七月の台風で土石流が発生したらしく、草木が覆われているところもあります。

毒を持っているようには見えないのですが、トリカブト。
 森林管理局の安比歩道からそれて安比湿原に行く道は特に標識などはありません。逆方向に歩いて来た人のために安比高原方向の小さな案内板だけがあります。安比嶽への急な登坂にかかる前の小さな沢沿いに下っていきます。  安比湿原は高低2つの湿原を合わせてそう呼んでいるようです。上の方からのアプローチになりますので、高いほうの湿原がまず現れます。
 八幡平周辺の湿原をくまなく歩いてみたいのですが、ほとんどは道が書いてありません。.この湿原も地形図を見た限りでは東方の道からの藪こぎが最短ルートのようでした。ですが道無き原生林を横断するのはとんでもなく大変な事だし戻って来られる保証が無い。工事用の水糸をトレース代わりに引いていく事も検討しましたが、リスクがおおきいし。残雪期なら可能ですが、せっかくの湿原が雪と氷ではつまらないし。ネット上でさがしたらこのコースがありました。

 
足元にはミズゴケの分厚い層。これが毎年腐らずに固まって高層湿原になるのでしょうか。

 
ミズゴケの上にはモウセンゴケが生えています。そして餌食になったトンボの羽根がたくさん残っていました.これも自然の摂理です。

 「湿原」の名のとおり、防水の靴でないと大変です.。また木道などはありません。やがて訪れる登山客が多くなれば保護の必要性から設置されるかもしれません。今のところ森の熊さんとおなじ扱いで自由に歩かせてもらう事にしました。

 
控えめな花たちが残っています。今度は春にもっといろんな花がある季節に来て見よう。

 上空から見ないとわかりにくいのですが、湿原には無数の池塘がちりばめられています。草原を歩いていってみつけた!という感じです。

沢桔梗でしょうか、群落があります

 ここはまだ1段目(高いほう)の湿原です。この奥にさらにもっと広い第2の湿原があるのです。でもネットで調べた限りでは道は無く思いとどまったというような事しか情報がありません。

地形図で判断して、第二の湿原に最も近いと思われる所に行ってみました。なるほど道はありません。すごい藪ばっかし…。 でも。 山歩きで道の無いところへのアプローチは普通、沢伝いに進んでゆきます。

 
思い切って低くなった部分のやぶを掻き分けてみたら流れがありました。
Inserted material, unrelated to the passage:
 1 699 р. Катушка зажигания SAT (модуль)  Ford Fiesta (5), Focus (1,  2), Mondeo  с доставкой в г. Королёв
これならなんとかスリップに注意しながらだと進めそうです。このために長靴で歩いてきたのです。足も濡れなくて済むし。 ただし気をつけなければならないのは、枝沢を多く合流しながら降りてゆくことです。下りは迷わないのですが、帰りには左右どちらの沢から降りてきたかわからなくなりそうです。そういう分岐が5箇所ほど重なります。 姥捨て山のお話ではありませんが、道しるべの代わりに、小枝を折りながら今来た方向がわかるように目印を付けて進みました。
 案の定、帰りに何度かわからなくなりそうでしたが、折れた小枝を探して、事なきを得ました。もっとわからない時のために色のついた紙テープ(布だと長く残ってしまうので)も用意したのですが、つかう程ではありませんでした。


20分ほど沢の中を進んだでしょうか。間もなく木の隙間から目指す第2の湿原が見えてきました。(明るい部分)
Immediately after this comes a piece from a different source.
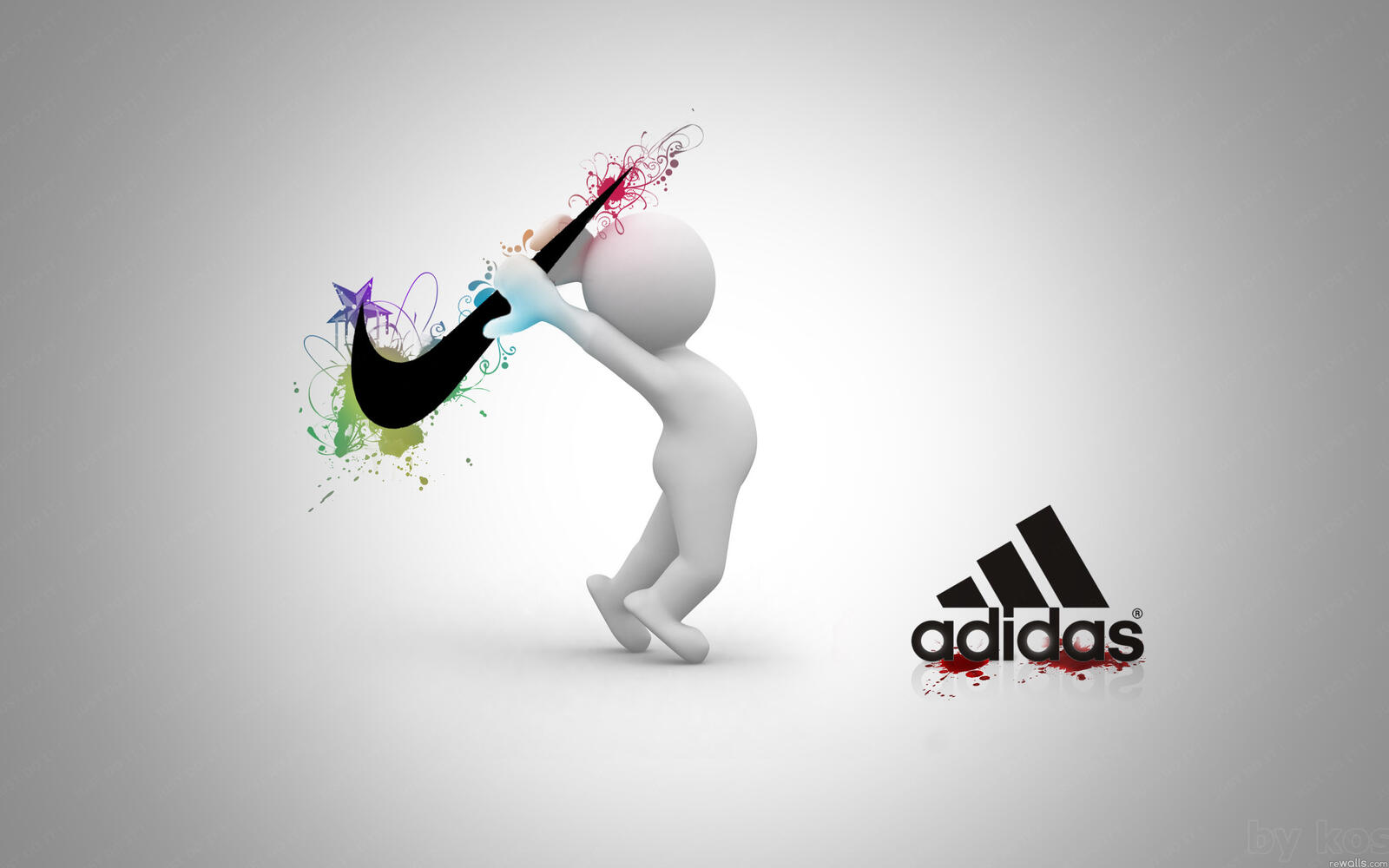 Free photo The fight between Nike and Adidas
少し葦原を下りていって、流れ込みを振り返ったところ。傾斜がわかります。

 
湿原とひと口に言っても、成因によって種類があります。低い方の(第2の)湿原は結構傾斜があります。というのは、上流の第一湿原からは結構な水量が絶えず流れ込んでいるため、栄養分や土砂が溜まってゆきます。いわば扇状地のような形状で傾斜のある葦原がまず形成されます。そこから濾過された水がじわじわと流れ下って、池塘をちりばめられた高層湿原をなしています。
 流れ込みから下方を望む。遠くに池塘

 
このあと、湿原を時計を気にしながら散策。でも雨がまた降り始めました。オニヤンマが産卵をしている羽音が響いています。

 しばし湿原を独り占めにして、満足感に浸って、帰途につきました。